___ Supplied material ___
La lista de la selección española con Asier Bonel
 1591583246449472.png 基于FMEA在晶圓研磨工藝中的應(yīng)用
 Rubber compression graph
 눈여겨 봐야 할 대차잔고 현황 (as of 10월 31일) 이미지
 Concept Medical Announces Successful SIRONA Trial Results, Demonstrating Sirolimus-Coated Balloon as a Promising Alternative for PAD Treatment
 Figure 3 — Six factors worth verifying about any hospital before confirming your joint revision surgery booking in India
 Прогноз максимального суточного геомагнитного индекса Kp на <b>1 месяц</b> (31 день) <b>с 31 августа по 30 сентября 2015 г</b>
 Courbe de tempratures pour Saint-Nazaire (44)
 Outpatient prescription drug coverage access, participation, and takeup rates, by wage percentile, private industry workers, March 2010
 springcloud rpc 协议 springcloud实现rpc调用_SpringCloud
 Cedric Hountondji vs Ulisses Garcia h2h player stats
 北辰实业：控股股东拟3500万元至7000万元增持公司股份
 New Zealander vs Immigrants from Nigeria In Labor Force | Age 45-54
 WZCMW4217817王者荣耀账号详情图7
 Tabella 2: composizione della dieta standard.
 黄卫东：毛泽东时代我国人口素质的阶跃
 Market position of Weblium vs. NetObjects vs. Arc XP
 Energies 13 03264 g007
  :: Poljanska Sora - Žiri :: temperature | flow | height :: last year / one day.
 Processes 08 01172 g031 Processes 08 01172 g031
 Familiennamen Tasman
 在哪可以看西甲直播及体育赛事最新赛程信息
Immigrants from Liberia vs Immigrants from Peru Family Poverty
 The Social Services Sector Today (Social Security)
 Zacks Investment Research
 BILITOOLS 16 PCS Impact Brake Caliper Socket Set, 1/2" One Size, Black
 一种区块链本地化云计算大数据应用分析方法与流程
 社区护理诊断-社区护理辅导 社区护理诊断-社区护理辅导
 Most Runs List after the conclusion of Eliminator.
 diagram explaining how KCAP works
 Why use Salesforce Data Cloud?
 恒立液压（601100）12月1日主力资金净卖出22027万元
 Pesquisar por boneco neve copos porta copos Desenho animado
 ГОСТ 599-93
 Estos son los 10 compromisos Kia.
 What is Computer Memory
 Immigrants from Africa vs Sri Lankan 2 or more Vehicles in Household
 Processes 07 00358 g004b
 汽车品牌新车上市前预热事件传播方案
___
-- About this exercise --
When a line in the records above holds "Immigrants", that line is to be reported.

-- Problem solution --
 New Zealander vs Immigrants from Nigeria In Labor Force | Age 45-54
Immigrants from Liberia vs Immigrants from Peru Family Poverty
 Immigrants from Africa vs Sri Lankan 2 or more Vehicles in Household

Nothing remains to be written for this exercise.